### Data section
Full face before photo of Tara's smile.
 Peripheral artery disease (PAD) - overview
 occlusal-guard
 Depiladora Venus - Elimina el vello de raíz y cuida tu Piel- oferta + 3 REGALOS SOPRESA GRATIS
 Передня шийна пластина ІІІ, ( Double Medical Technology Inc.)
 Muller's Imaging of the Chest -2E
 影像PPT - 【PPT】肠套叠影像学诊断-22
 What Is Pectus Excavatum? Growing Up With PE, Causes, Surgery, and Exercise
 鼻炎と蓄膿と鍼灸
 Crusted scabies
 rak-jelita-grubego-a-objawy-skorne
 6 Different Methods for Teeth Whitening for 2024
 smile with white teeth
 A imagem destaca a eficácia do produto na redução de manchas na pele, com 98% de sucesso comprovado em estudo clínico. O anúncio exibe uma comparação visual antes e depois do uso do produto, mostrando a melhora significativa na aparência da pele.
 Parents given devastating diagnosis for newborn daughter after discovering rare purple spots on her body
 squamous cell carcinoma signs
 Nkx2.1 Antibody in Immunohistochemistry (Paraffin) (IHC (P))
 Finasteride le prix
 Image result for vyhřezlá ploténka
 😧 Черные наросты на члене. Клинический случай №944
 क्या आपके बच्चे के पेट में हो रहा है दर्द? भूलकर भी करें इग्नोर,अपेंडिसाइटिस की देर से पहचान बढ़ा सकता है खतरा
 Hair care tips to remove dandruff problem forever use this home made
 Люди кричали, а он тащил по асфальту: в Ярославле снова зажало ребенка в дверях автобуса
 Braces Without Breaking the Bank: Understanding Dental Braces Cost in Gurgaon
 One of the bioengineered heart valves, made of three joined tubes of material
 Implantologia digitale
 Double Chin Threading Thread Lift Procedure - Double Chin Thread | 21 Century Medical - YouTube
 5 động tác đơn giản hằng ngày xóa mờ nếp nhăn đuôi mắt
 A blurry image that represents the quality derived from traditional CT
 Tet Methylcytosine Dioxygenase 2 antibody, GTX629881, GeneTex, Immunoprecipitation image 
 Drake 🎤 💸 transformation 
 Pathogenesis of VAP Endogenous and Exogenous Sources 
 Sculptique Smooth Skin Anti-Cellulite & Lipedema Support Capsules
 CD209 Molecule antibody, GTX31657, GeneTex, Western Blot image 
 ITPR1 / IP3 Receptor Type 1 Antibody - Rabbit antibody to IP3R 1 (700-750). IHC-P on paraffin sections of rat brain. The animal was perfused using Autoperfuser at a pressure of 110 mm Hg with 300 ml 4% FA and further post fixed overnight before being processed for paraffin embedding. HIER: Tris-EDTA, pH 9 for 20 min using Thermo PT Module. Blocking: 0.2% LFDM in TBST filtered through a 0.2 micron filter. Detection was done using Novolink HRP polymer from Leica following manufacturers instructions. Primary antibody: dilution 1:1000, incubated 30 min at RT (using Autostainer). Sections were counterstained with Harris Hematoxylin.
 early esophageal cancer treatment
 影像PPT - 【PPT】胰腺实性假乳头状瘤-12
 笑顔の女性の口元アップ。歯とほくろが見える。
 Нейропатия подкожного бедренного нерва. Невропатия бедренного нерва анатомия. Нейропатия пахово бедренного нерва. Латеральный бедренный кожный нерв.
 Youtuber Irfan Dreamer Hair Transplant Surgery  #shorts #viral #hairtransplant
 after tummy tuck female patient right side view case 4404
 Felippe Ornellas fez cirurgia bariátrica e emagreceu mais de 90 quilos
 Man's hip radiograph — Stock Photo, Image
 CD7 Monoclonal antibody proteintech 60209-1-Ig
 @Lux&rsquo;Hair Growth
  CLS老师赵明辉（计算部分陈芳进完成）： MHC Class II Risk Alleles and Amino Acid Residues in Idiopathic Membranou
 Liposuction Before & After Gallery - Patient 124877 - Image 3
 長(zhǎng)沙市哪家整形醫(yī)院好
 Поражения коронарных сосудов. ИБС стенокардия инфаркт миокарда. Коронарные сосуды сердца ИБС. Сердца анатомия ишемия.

### The task
Beginning with the line holding "Люди кричали, а" and ending with the line holding "A blurry image", write out the stretch of material above exactly; add no further lines.

### Solution for this problem
 Люди кричали, а он тащил по асфальту: в Ярославле снова зажало ребенка в дверях автобуса
 Braces Without Breaking the Bank: Understanding Dental Braces Cost in Gurgaon
 One of the bioengineered heart valves, made of three joined tubes of material
 Implantologia digitale
 Double Chin Threading Thread Lift Procedure - Double Chin Thread | 21 Century Medical - YouTube
 5 động tác đơn giản hằng ngày xóa mờ nếp nhăn đuôi mắt
 A blurry image that represents the quality derived from traditional CT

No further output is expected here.